SOURCE RECORDS.
↓↓↓

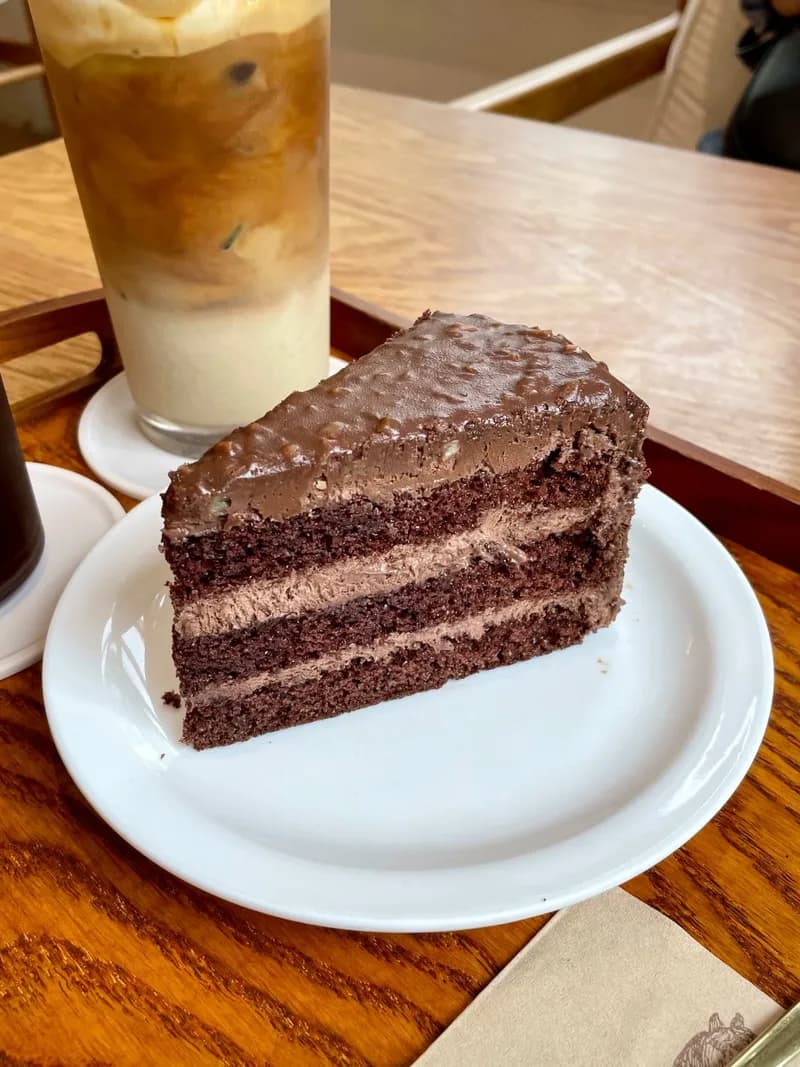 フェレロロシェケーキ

↑↑↑
↓↓↓

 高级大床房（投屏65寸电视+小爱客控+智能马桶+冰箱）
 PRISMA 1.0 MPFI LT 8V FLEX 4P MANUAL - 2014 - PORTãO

↑↑↑

EXERCISE OBJECTIVE. Beginning at the line above that contains "高级大床房（投屏65寸电视+小爱客控+智能马桶+冰箱）", return each line exactly through the line that contains "PRISMA 1.0 MPFI", and no others.

TASK OUTPUT.
 高级大床房（投屏65寸电视+小爱客控+智能马桶+冰箱）
 PRISMA 1.0 MPFI LT 8V FLEX 4P MANUAL - 2014 - PORTãO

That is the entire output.